One year, it's ground floor LR. Another year, it will be 2nd floor bathroom, etc.


----------



## ionicatoms (Mar 8, 2020)

I used Advance 375a + terro bait stations at my parent's house when I was preparing the house for sale. Worked well enough.


----------



## Easyluck (Feb 5, 2019)

Your house is a bait station. Bait stations work because they draw them in and they carry the insecticide back to the colony where it kills the queen.


----------



## mobiledynamics (Aug 9, 2020)

Ha. EL. Didn't look at it that way, I suppose.


----------



## ABC123 (Jul 14, 2017)

I just subscribed to the domyown pest control subscription. They send out products about once a month and then you spray around the house perimeter.

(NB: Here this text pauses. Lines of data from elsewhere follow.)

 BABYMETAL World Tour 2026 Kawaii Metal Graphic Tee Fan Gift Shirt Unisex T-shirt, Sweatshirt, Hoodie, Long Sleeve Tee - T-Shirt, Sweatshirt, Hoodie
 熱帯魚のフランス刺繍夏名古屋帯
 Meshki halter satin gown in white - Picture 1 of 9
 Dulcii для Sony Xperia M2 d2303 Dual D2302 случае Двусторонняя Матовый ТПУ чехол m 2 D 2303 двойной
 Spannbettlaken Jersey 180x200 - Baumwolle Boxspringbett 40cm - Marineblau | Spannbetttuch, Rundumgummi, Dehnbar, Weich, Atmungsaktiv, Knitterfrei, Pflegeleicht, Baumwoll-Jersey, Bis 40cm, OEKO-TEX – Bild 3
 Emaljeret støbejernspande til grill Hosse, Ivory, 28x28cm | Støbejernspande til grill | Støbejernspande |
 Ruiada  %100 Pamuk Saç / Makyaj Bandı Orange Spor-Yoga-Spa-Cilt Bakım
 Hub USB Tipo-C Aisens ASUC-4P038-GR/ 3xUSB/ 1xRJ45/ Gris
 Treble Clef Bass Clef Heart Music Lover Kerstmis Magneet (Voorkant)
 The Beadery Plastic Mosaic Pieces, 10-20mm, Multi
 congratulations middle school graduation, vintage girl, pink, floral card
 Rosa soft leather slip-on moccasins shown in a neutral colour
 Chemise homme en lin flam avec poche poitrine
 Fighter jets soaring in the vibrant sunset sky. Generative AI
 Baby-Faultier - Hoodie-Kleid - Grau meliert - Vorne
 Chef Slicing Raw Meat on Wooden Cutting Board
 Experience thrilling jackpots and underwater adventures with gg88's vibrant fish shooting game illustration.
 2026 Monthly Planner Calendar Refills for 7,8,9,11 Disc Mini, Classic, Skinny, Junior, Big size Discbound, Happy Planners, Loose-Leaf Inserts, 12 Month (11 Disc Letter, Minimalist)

Ive also done the Fungicide subscription and it worked fantastic.


----------



## Mightyquinn (Jan 31, 2017)

I've been using Suspend Polyzone and Tekko Pro IGR every 3 months during the growing season around the perimeter of my house for the last couple of years with good success. Using this in conjunction with monthly Bifen applications to the lawn keeps 99% of the bugs out of the house.


----------



## Monocot Master (Feb 28, 2021)

I no longer have ants after doing scheduled blanket Bifenthrin applications to my lawn. My primary culprit was red imported fire ants, in the lawn and beds, and in the house when the soil was saturated from excessive rain. Also occasionally got sugar ants, but no sign of those either.


----------



## Alphaone (11 mo ago)

i use Bifen @ 2oz/gal and Fipronil(Taurus SC)@0.5oz/gal once every 4 months. i spray 6 inches of soil outside the perimeter and 18 inches up. plus under all the siding where it meets the foundation and around all possible entry points i.e. hose bibs/doors/windows/dryer vents ect and the only bugs i find inside my house are dead ones. once a year i'll go inside the house and spray the same mix under the stove/sinks/toliets/fridge as well


----------